• REQUIREMENT:
Give every entry below again, exactly as written, and skip the images.

START MATERIAL PROVIDED

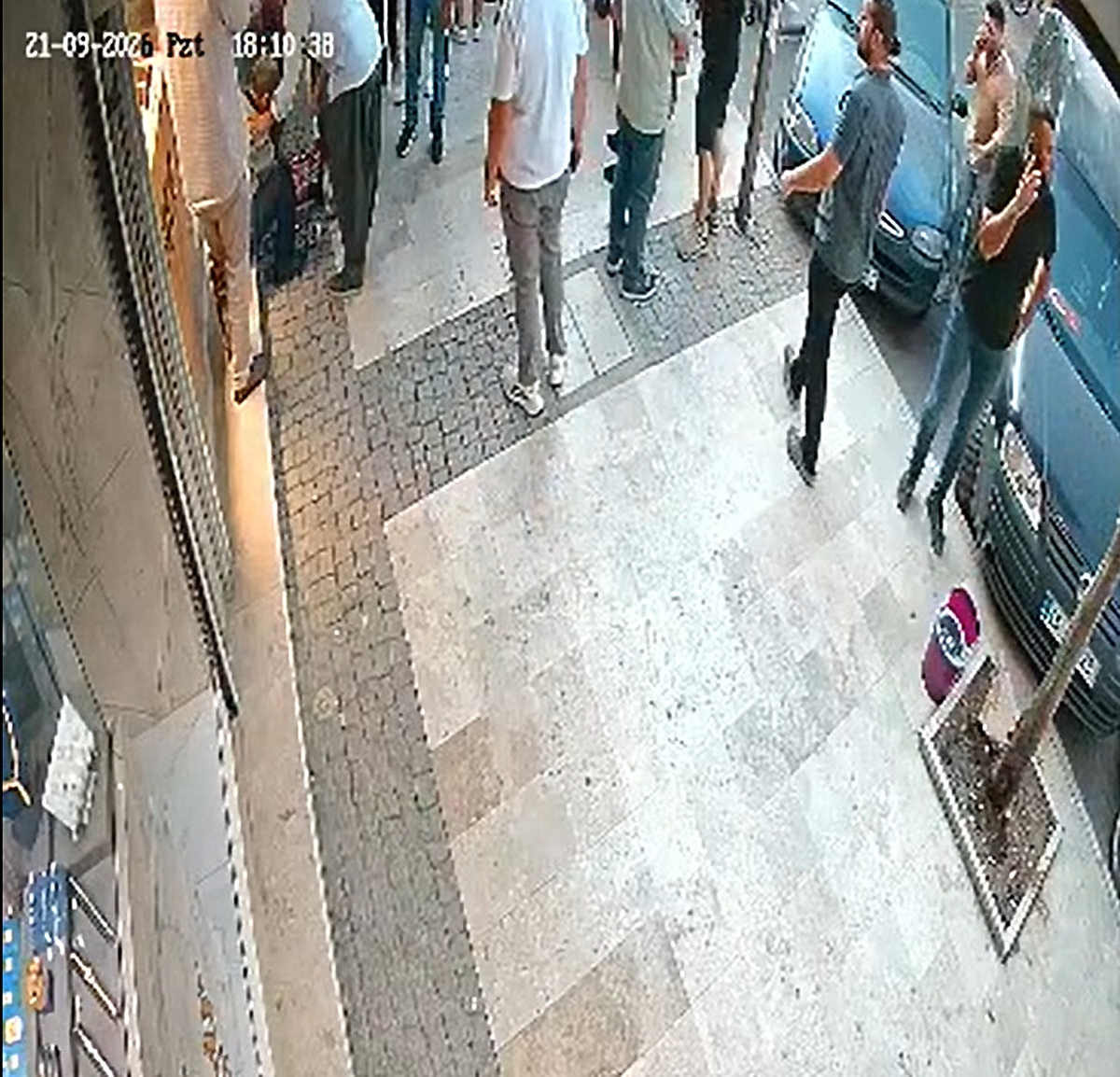 Manisa Salihli’de kuyumcu soygununda şüpheliyi esnaf yakaladı, 2 kişi yaralandı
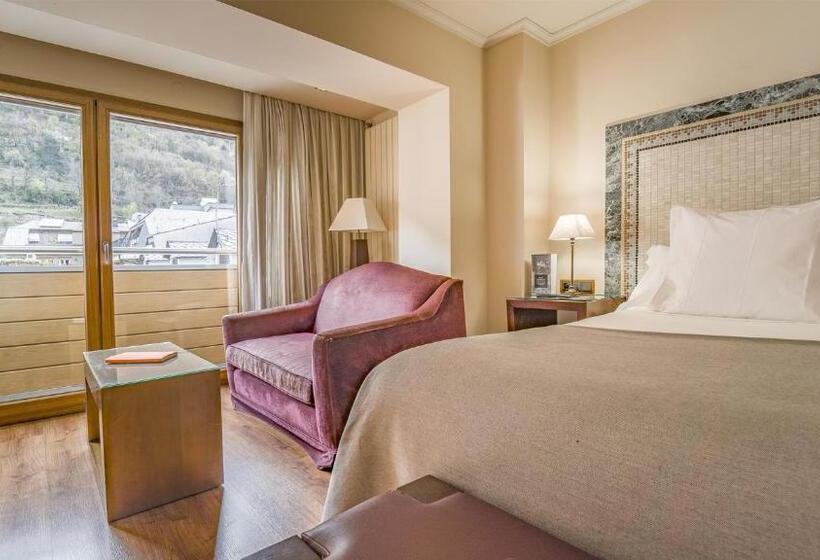 اتاق لوکس با چشم‌انداز شهر, Roc Blanc Hotel & Spa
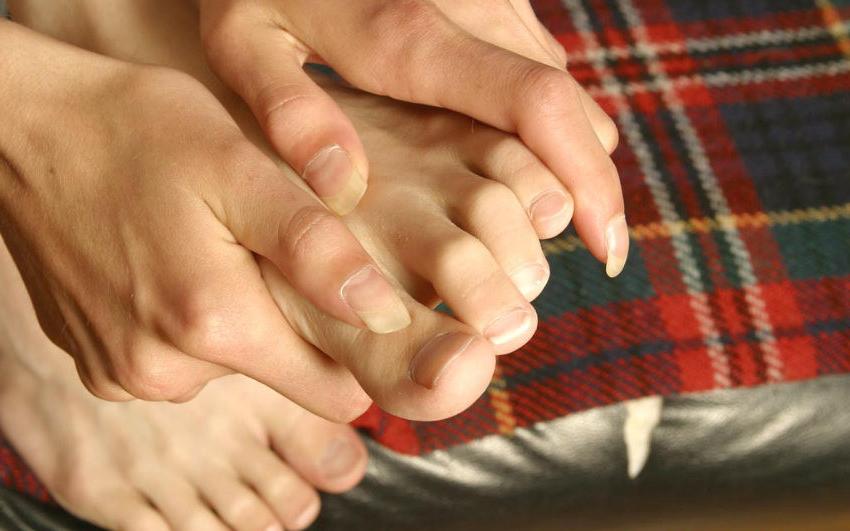 20P Teen on leather couch exposing feet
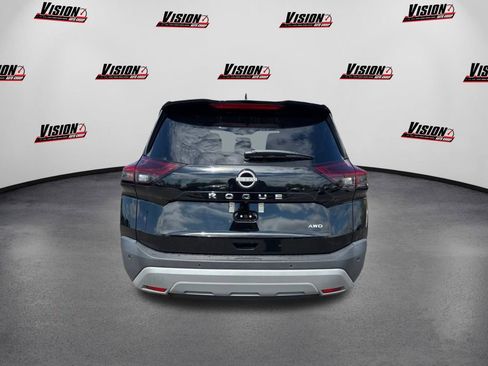 Used 2022 Nissan Rogue S image 6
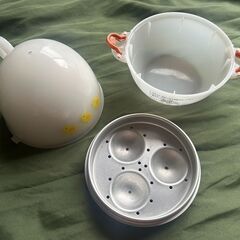 AKEBONO　曙産業　ゆでたまご器　電子レンジ用　３個用　の画像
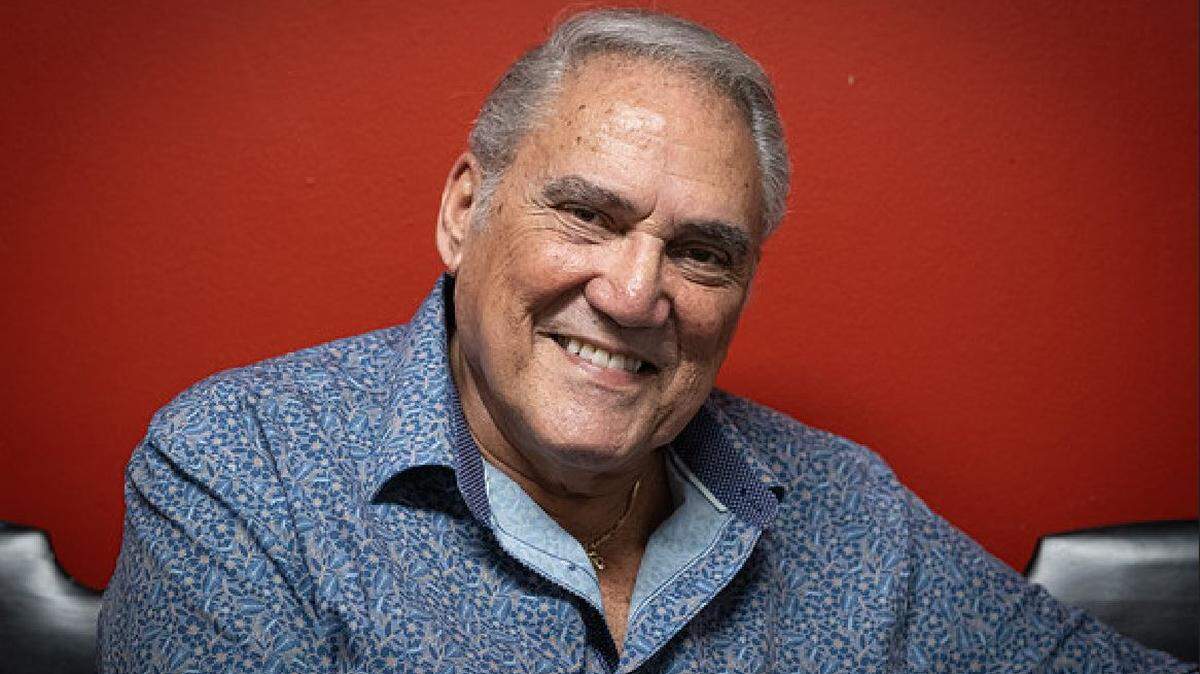  Según el fotógrafo que hizo este retrato, el cronista gráfico de la escena de Miami Julio de la Nuez, si una palabra pudiese describir a Mario Ernesto Sánchez, esa sería “consagración, su consagración al teatro. 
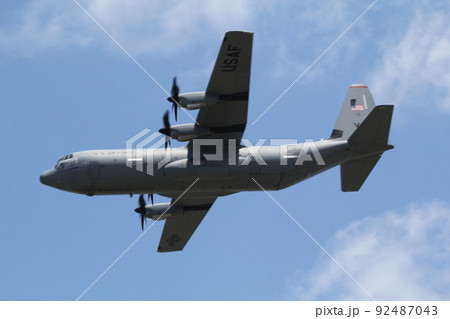 横田基地航空祭でデモフライトを行うロッキードC130Jスーパーハーキュリーズ 92487043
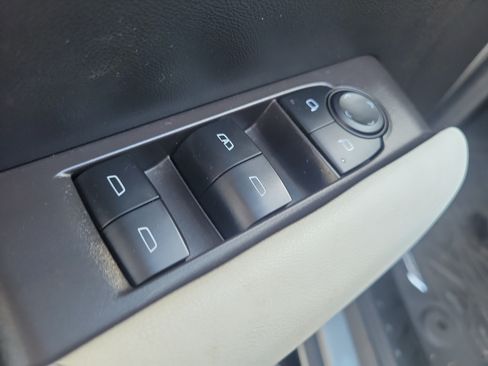 Used 2024 GMC Canyon AT4X AWD/4WD image 19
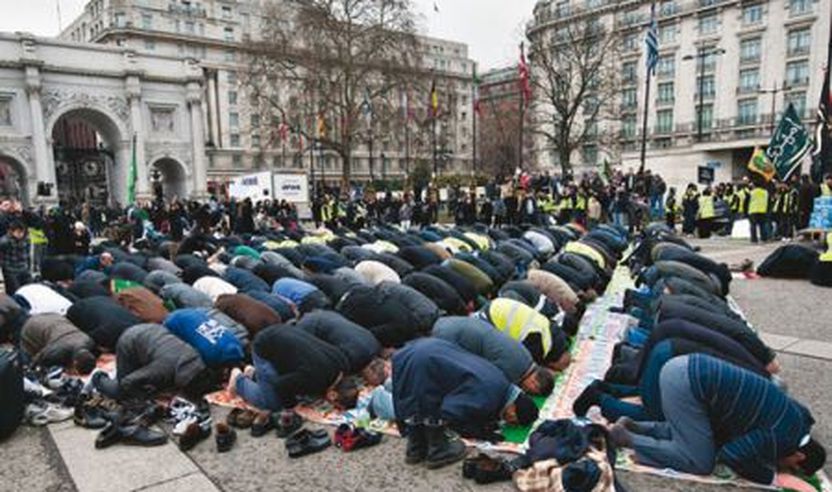Muslimanën në sexhde në Gjermani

END MATERIAL PROVIDED

• RESULT:
 Manisa Salihli’de kuyumcu soygununda şüpheliyi esnaf yakaladı, 2 kişi yaralandı
 اتاق لوکس با چشم‌انداز شهر, Roc Blanc Hotel & Spa
 20P Teen on leather couch exposing feet
 Used 2022 Nissan Rogue S image 6
 AKEBONO　曙産業　ゆでたまご器　電子レンジ用　３個用　の画像
  Según el fotógrafo que hizo este retrato, el cronista gráfico de la escena de Miami Julio de la Nuez, si una palabra pudiese describir a Mario Ernesto Sánchez, esa sería “consagración, su consagración al teatro. 
 横田基地航空祭でデモフライトを行うロッキードC130Jスーパーハーキュリーズ 92487043
 Used 2024 GMC Canyon AT4X AWD/4WD image 19
Muslimanën në sexhde në Gjermani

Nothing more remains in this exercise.